§ To do
Word for word, restate the lines from the one containing "Ford Focus 1,0 SCTi 125 Titanium stc. 5d" through the last line of the material, and include no pictures.

§ Task inputs
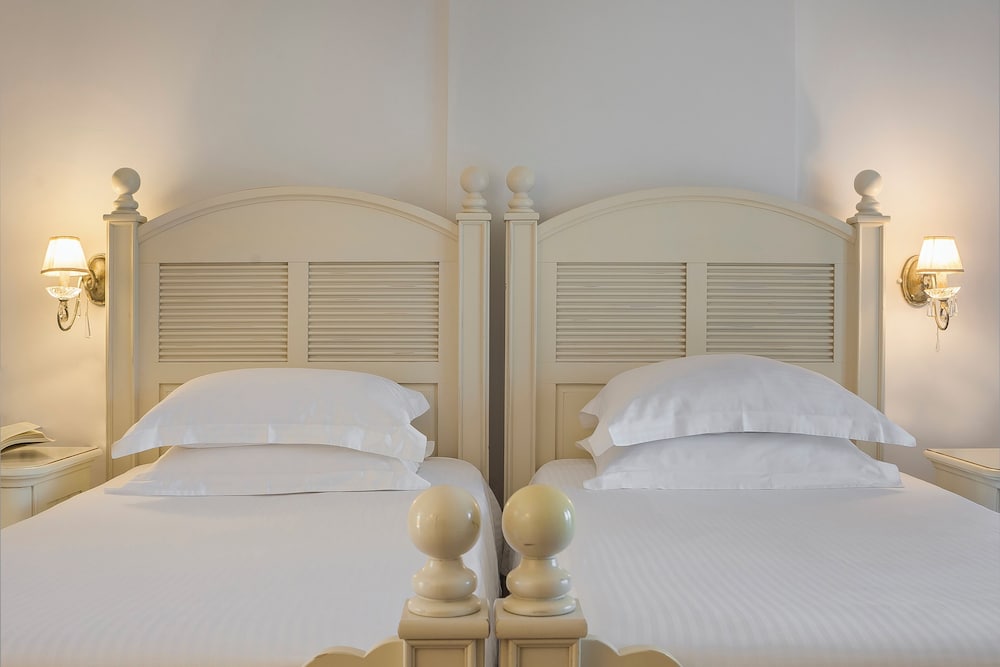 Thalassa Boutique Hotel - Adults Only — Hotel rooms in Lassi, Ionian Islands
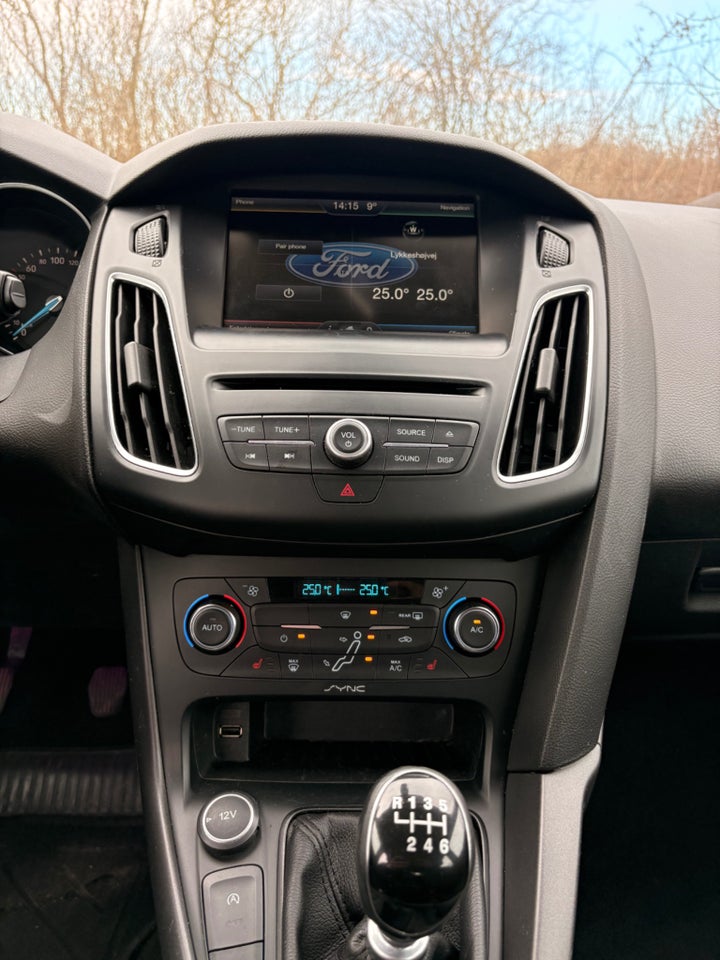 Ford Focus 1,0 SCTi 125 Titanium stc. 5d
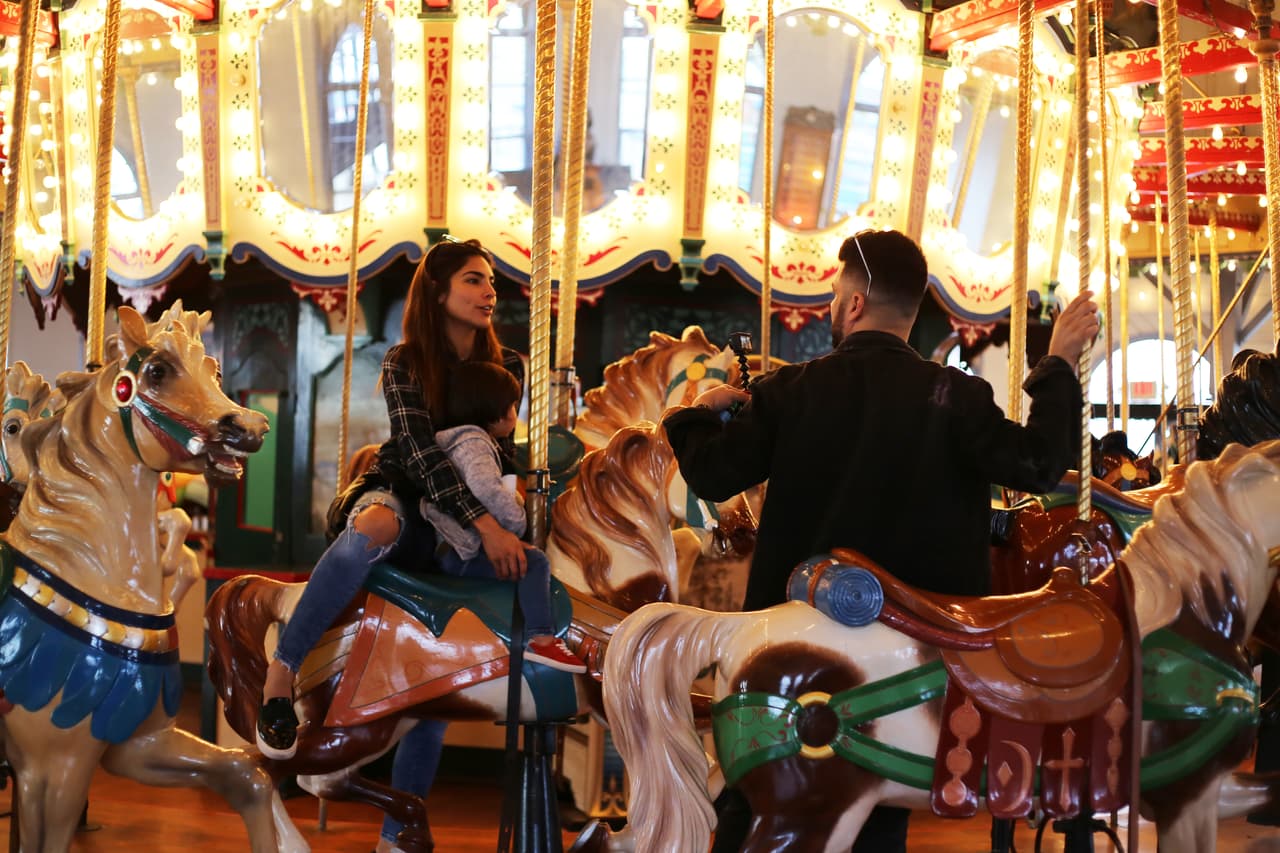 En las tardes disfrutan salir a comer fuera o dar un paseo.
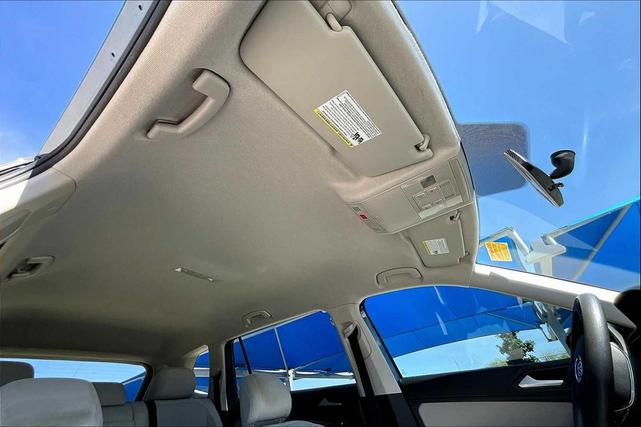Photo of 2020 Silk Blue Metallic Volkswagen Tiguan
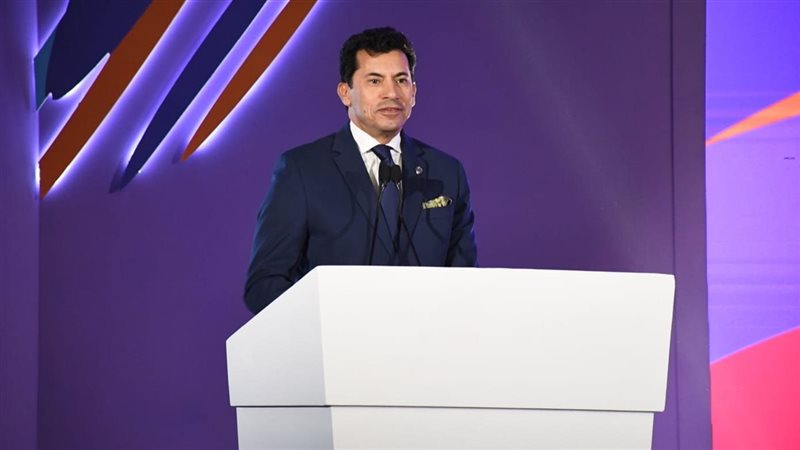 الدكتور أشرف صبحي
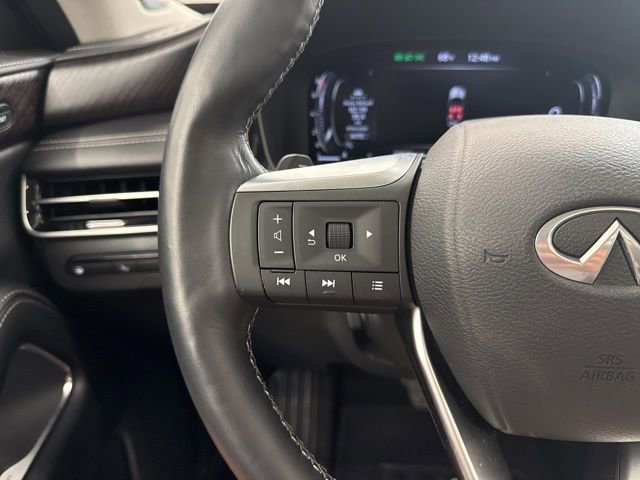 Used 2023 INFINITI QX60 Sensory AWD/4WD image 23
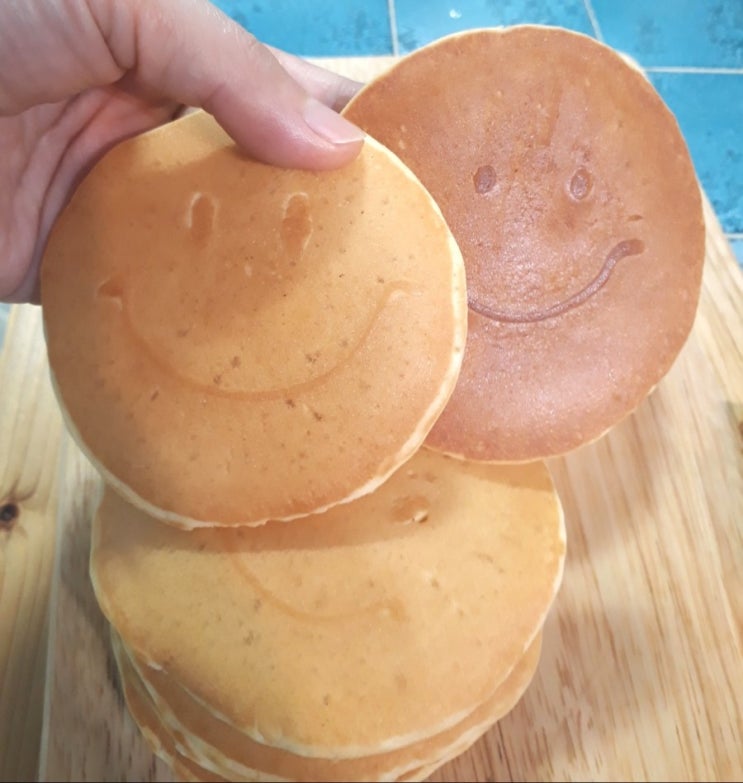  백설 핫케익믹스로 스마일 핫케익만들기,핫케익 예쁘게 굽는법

§ Answer section
 Ford Focus 1,0 SCTi 125 Titanium stc. 5d
 En las tardes disfrutan salir a comer fuera o dar un paseo.
Photo of 2020 Silk Blue Metallic Volkswagen Tiguan
 الدكتور أشرف صبحي
 Used 2023 INFINITI QX60 Sensory AWD/4WD image 23
  백설 핫케익믹스로 스마일 핫케익만들기,핫케익 예쁘게 굽는법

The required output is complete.